Fantazzini nannte man in Italien später il rapinatore gentile, den höflichen Räuber, weil er oft nicht mal ein Pistolen-Imitat benutzte, sondern bloß vor den Tresen trat und sagte: »Würden Sie mir bitte alles Geld geben, das Sie haben, das ist ein Überfall.« Meistens reichte das, wie es auch 1981 reichte, dass ein gut gekleideter Mann in einer Genueser Bank einen Termin mit dem Direktor erbat, dem er sich in dessen Zimmer folgendermaßen vorstellte: »Ich bin Herr Parodi von den Roten Brigaden.« So ersuchte er um den gesamten Inhalt des Geldschrankes; folge man seiner Bitte, werde nichts geschehen … Der Direktor wähnte, sein Haus sei von Terroristen umstellte, und leistete Folge.
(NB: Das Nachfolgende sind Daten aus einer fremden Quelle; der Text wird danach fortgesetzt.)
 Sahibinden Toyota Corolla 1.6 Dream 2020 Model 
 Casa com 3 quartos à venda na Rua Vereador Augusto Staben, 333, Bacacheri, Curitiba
Man kommt schnell ins Erzählen, wenn es um Bankraub geht und ein so anekdotenreiches Buch wie Klaus Schönbergers fast zwanzig Jahre alter Band Va Banque. Bankraub. Theorie. Praxis. Geschichte im Regal steht. Es handelt sich hier um ein vielschichtiges Gewerbe, das von Bonnie und Clyde über ausgebuffte Tresorknacker wie die Brüder Sass (im Berlin der Dreißigerjahre) hin zum russischen Hacker reicht, der sich wie ein Wurm ins Bankeninnerste vorarbeitet.
Wobei wir hier schon beim Problem sind, jedenfalls dem Problem des klassischen Bankräubers, der als Einzelner (Mann des Volkes) der Bank (dem Kapitalismus) gegenübertrat und sich holte, was er benötigte. Als solcher hatte er, wenn er nicht gewalttätig auftrat, nicht selten unsere heimliche Sympathie. Aber nun entnehme ich den Statistiken, in welchem Niedergang sich das Gewerbe befindet. Verglichen mit dem Bankraub ist die Lage der Landwirtschaft rosig, nur dass bank robber keine schlagkräftige Lobby haben. Sie sind dem Geschehen ausgeliefert.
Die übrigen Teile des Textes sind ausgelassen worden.